Le certificat de sécurité qui pèse contre le Montréalais Adil Charkaoui pourrait être bientôt levé. Dans un document déposé à la Cour fédérale et dont La Presse a obtenu copie, le gouvernement canadien admet que la preuve au dossier de l'immigrant d'origine marocaine est aujourd'hui «insuffisante» pour justifier son renvoi du pays.

Dans le document en date du 31 juillet, les ministres de l'Immigration et de la Sécurité publique écrivent qu'ils en sont venus à ce constat après avoir eux-mêmes retiré du dossier de M. Charkaoui une partie des renseignements qui les avaient amenés, en 2003, à soupçonner le ressortissant marocain d'avoir des liens avec l'organisation terroriste d'Oussama Ben Laden, Al-Qaeda.

La juge de la Cour fédérale qui supervise le dossier de M. Charkaoui, Danièle Tremblay-Lamer, a récemment enjoint le gouvernement à rendre publiques certaines informations jusque-là restées secrètes. Estimant que le dévoilement de ces renseignements «porterait atteinte à la sécurité nationale ou à la sécurité d'autrui», et ce, malgré l'avis contraire de la juge, les ministres ont décidé de les enlever de la preuve plutôt que d'en révéler la teneur.

Dans un nouveau sommaire public des soupçons que le gouvernement entretient à l'égard d'Adil Charkaoui, on peut voir que l'allégation selon laquelle il aurait discuté au téléphone de la prise de contrôle d'un avion à des fins agressives a été biffée.

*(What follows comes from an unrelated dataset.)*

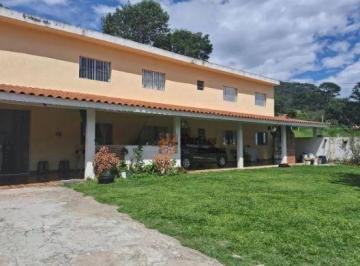 2bf09dcfbd0e0a1c70c1052bb1891cd21a15fc9c · Casa com 4 dormitórios à venda, 240 m² por R$ 400.000,00 - Pitangueiras - Pedra Bela/SP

Idem pour sa présumée participation à un camp d'entraînement d'Al-Qaeda en Afghanistan.

À la suite de ces importantes modifications au dossier, la juge de la Cour fédérale devra décider à son retour de vacances en septembre si le certificat de sécurité tient encore la route ou s'il doit être révoqué.

Dans une directive qu'elle a fait parvenir au gouvernement et à M. Charkaoui au début du mois, la juge demande aux ministres s'il ne serait pas préférable qu'ils retirent eux-mêmes le certificat.

Six ans de contraintes

L'émission du certificat de sécurité en mai 2003 a entraîné la détention pendant 18 mois d'Adil Charkaoui, sans qu'aucune accusation ne soit portée contre lui. Remis en liberté en 2005, il a dû respecter une longue liste de conditions pendant près de quatre ans, y compris un couvre-feu et l'interdiction d'utiliser l'internet ou un téléphone cellulaire.

Ces conditions ont été progressivement allégées, mais Adil Charkaoui doit encore aviser les autorités s'il quitte Montréal et porter un bracelet GPS à la cheville. Si le certificat qui pèse contre lui est jugé déraisonnable, il recouvrera la liberté complète.

En entrevue avec La Presse, Adil Charkaoui ne cachait pas cette semaine qu'il se réjouit des nouveaux développements dans son dossier, mais le père de trois enfants affirme que lui et ses avocates, ayant déjà remporté deux manches contre le gouvernement à la Cour suprême dans le dossier des certificats de sécurité, veulent plus. «Il faut crever l'abcès. Nous voulons que tous les abus dont j'ai été victime soient reconnus par la cour. Je veux blanchir mon nom», plaide Adil Charkaoui. Par conséquent, il demande l'arrêt des procédures, sur la base de toutes les irrégularités au dossier.

S'il a gain de cause, Charkaoui et ses supporters couperont l'herbe sous le pied du gouvernement qui veut porter l'affaire en appel. Le gouvernement veut notamment contester la nécessité de divulgation des renseignements secrets et estime que M. Charkaoui représente toujours un danger à la société.

Mesure controversée

Mesure prévue par la loi de l'immigration canadienne, les certificats de sécurité permettent au gouvernement canadien d'expulser des non-citoyens du pays s'il est capable de prouver à la cour qu'il a des motifs raisonnables de croire que les personnes visées représentent un danger à la sécurité nationale. Le gouvernement a dû en revoir les modalités après que la Cour suprême eut tranché en 2007 que les certificats violaient les droits des personnes en ne permettant pas aux personnes visées de connaître la preuve qui pèse contre eux. Un avocat spécial, représentant les intérêts de la personne touchée, siège maintenant sur les réunions à huis clos au cours desquelles la preuve secrète est entendue. L'avocat spécial peut aussi plaider en faveur d'une plus grande divulgation de la preuve.

À ce jour, cinq hommes musulmans font toujours l'objet d'un certificat.